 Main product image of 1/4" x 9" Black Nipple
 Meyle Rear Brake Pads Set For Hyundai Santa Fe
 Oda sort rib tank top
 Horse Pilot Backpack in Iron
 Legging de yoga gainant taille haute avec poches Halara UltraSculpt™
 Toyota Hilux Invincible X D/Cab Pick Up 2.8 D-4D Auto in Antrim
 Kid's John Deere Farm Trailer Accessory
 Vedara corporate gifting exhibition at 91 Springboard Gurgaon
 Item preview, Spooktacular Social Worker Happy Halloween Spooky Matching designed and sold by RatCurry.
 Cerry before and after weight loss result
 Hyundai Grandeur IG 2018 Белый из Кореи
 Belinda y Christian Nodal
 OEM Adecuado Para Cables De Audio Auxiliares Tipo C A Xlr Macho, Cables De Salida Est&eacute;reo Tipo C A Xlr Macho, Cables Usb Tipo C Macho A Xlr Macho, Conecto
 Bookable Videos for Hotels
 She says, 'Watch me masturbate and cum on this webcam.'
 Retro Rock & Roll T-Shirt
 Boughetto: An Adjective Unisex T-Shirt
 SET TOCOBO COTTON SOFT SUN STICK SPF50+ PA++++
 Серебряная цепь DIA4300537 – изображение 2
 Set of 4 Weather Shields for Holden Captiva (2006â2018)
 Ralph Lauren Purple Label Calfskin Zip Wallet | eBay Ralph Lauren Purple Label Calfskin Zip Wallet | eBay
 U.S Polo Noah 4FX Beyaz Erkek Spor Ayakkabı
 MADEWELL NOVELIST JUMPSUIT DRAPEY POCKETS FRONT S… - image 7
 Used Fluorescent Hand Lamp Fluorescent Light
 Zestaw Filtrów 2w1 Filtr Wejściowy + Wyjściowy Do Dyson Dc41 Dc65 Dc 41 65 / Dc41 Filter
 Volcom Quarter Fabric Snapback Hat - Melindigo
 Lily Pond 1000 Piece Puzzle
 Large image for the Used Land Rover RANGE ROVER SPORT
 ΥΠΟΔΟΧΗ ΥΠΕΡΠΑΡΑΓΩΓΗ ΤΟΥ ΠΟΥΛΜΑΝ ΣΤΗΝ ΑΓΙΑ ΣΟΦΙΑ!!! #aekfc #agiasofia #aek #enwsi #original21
************
== HOW TO COMPLETE THIS TASK ==
Extract each line holding the word "image" from the records.

== WRITTEN RESPONSE ==
 Main product image of 1/4" x 9" Black Nipple
 MADEWELL NOVELIST JUMPSUIT DRAPEY POCKETS FRONT S… - image 7
 Large image for the Used Land Rover RANGE ROVER SPORT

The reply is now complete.